Cambodia Cycling Map & Highlights
Anyone that has ventured beyond Angkor Wat will know there is far more to Cambodia than just its temples, spectacular as they may be. Cycling through remote countryside strung with bamboo huts, paddy fields and sugar palms allows you to experience a country and a culture that remain refreshingly unblemished by tourism. Fingers crossed it stays that way. Travellers are often struck by the smiles they receive everywhere – all the more remarkable given the trauma endured by Khmer people just decades ago. This is starkest in Phnom Penh, where the Killing Fields offer a powerful reminder of the crimes of the Khmer Rouge regime. Cycling tours will usually begin either in the capital, finishing in Siem Reap, or vice versa. The easygoing pace of most itineraries really allows you to get a feel for these cities and their elegant French colonial heritage, but it’s what you’ll see, and feel, as you ride between them that will really have an impact.
1. Angkor Wat
The biggest visitor attraction in Cambodia, the ancient ruins of Angkor lie just outside of Siem Reap. Cycling between key sites such as Angkor Wat, Bayon, Angkor Thom and the iconic Ta Phrom, almost entirely consumed by jungle, saves a lot of time and lets you get off the beaten path and away from the tuk tuks to discover areas that are far less crowded.
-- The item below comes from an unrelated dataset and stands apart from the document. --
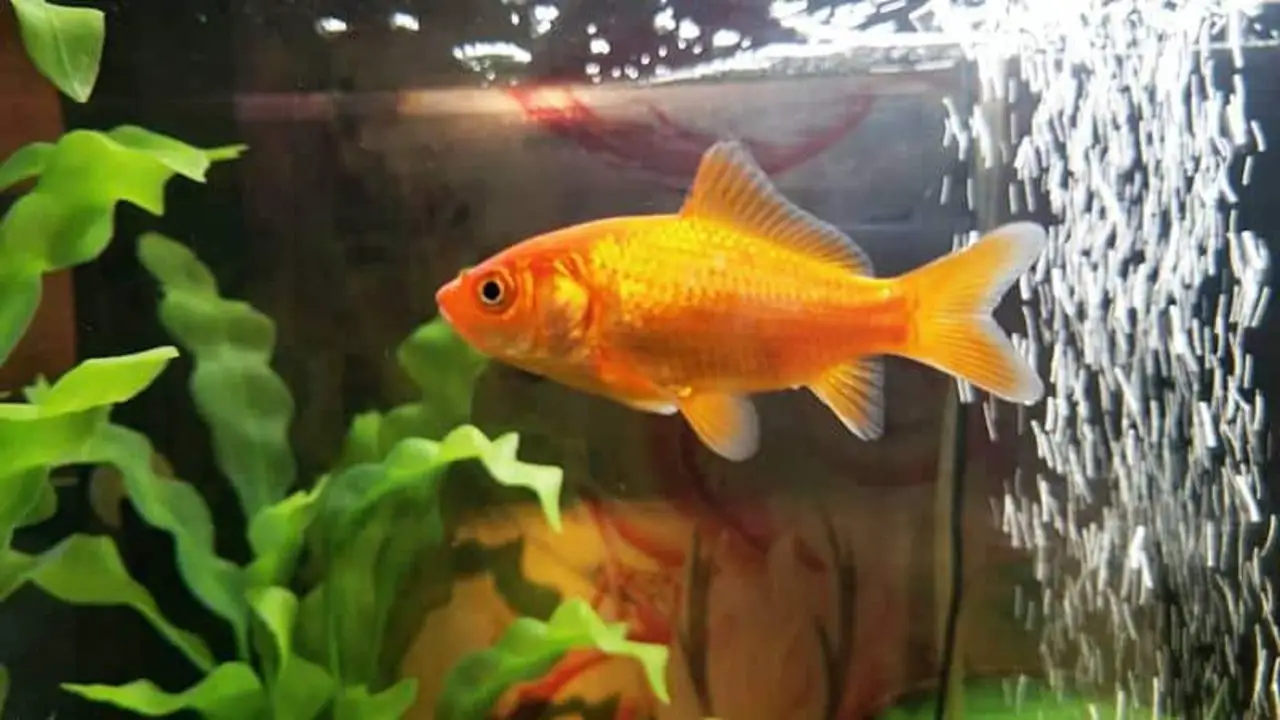 Different Types Of Goldfish-Silver Available In The Market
Cambodia’s relaxed second city is known for its many restaurants serving excellent French-Khmer cuisine. It has a scenic riverside setting, and a walkable centre full of charmingly faded colonial architecture, while the outskirts are fantastic for cycling along winding lanes. The bamboo train, where you perch on a squat wooden platform as it propels you at up to 40km/h through the jungle, is a must-do experience.
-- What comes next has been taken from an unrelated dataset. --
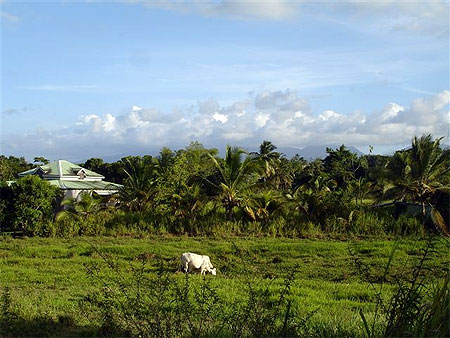 Paysage de basse terre � Duportail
A sleepy, unassuming town with streets filled with dilapidated French colonial architecture, Kampot occupies a sublime riverside location at the foot of the Elephant Mountains. There isn’t a great deal to do in the town itself, but it’s a superb base for roaming the nearby Bokor National Park by bike, or the surrounding countryside, its rice paddies threaded with dirt roads and lines of bamboo shacks.
4. Killing Fields
The ‘Killing Fields’ are a number of sites around Cambodia, the best-known of which is Choeung Ek near Phnom Penh. More than one million men, women and children are thought to have perished between 1975 and 1979 at these locations. A Buddhist memorial now stands in Choeung Ek, while a glass stupa containing around 5000 skulls makes a chilling memorial to these tragic event.
5. Phnom Penh
Its handsome French Colonial architecture lends Cambodia’s cosmopolitan capital plenty of glamour, yet there is also an underlying sombre atmosphere. The population was entirely evacuated to the countryside by the Khmer Rouge, and countless people were executed. Two essential sites here are the harrowing Tuol Sleng Genocide Museum, formerly a high school and then a notorious prison, and Choeung Ek, where so many died.
6. Siem Reap
It took less than a century for Siem Reap to grow from village to booming city, and the reason of course is that this is the gateway to Angkor Wat, the world’s largest and most renowned temple complex. The traffic means you’ll be doing little cycling in Siem Reap itself, but the city has more than enough to keep you entertained. Innovative restaurants, street markets, a bohemian cultural scene and the magnificent Tonlé Sap just a few miles to the south.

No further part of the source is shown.